[What is expected]: Nothing in the records may be left out; restate them word for word.

[Information shown]:
BEGIN
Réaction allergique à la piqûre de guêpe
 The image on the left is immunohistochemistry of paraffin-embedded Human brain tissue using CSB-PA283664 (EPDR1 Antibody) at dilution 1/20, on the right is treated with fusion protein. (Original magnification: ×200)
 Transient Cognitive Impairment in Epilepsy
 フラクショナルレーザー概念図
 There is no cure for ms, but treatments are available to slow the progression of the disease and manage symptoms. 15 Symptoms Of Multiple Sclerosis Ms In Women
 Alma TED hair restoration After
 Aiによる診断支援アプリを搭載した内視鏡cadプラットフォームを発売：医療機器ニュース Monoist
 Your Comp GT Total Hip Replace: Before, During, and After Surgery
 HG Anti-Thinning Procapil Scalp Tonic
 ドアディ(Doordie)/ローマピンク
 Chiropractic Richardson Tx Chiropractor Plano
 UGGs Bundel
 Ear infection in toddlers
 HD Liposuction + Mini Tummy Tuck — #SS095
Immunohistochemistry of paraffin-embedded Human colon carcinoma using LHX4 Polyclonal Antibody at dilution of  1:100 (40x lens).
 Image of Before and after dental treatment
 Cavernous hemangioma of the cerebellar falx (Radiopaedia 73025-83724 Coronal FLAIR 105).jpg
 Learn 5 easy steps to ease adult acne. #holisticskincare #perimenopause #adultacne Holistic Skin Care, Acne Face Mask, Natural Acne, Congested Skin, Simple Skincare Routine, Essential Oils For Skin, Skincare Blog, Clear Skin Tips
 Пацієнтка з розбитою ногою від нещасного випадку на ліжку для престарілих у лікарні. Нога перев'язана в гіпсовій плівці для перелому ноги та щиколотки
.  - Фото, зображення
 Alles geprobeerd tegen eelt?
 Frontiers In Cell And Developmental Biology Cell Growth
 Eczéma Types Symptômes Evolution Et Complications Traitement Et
END
[Task response]:
Réaction allergique à la piqûre de guêpe
 The image on the left is immunohistochemistry of paraffin-embedded Human brain tissue using CSB-PA283664 (EPDR1 Antibody) at dilution 1/20, on the right is treated with fusion protein. (Original magnification: ×200)
 Transient Cognitive Impairment in Epilepsy
 フラクショナルレーザー概念図
 There is no cure for ms, but treatments are available to slow the progression of the disease and manage symptoms. 15 Symptoms Of Multiple Sclerosis Ms In Women
 Alma TED hair restoration After
 Aiによる診断支援アプリを搭載した内視鏡cadプラットフォームを発売：医療機器ニュース Monoist
 Your Comp GT Total Hip Replace: Before, During, and After Surgery
 HG Anti-Thinning Procapil Scalp Tonic
 ドアディ(Doordie)/ローマピンク
 Chiropractic Richardson Tx Chiropractor Plano
 UGGs Bundel
 Ear infection in toddlers
 HD Liposuction + Mini Tummy Tuck — #SS095
Immunohistochemistry of paraffin-embedded Human colon carcinoma using LHX4 Polyclonal Antibody at dilution of  1:100 (40x lens).
 Image of Before and after dental treatment
 Cavernous hemangioma of the cerebellar falx (Radiopaedia 73025-83724 Coronal FLAIR 105).jpg
 Learn 5 easy steps to ease adult acne. #holisticskincare #perimenopause #adultacne Holistic Skin Care, Acne Face Mask, Natural Acne, Congested Skin, Simple Skincare Routine, Essential Oils For Skin, Skincare Blog, Clear Skin Tips
 Пацієнтка з розбитою ногою від нещасного випадку на ліжку для престарілих у лікарні. Нога перев'язана в гіпсовій плівці для перелому ноги та щиколотки
.  - Фото, зображення
 Alles geprobeerd tegen eelt?
 Frontiers In Cell And Developmental Biology Cell Growth
 Eczéma Types Symptômes Evolution Et Complications Traitement Et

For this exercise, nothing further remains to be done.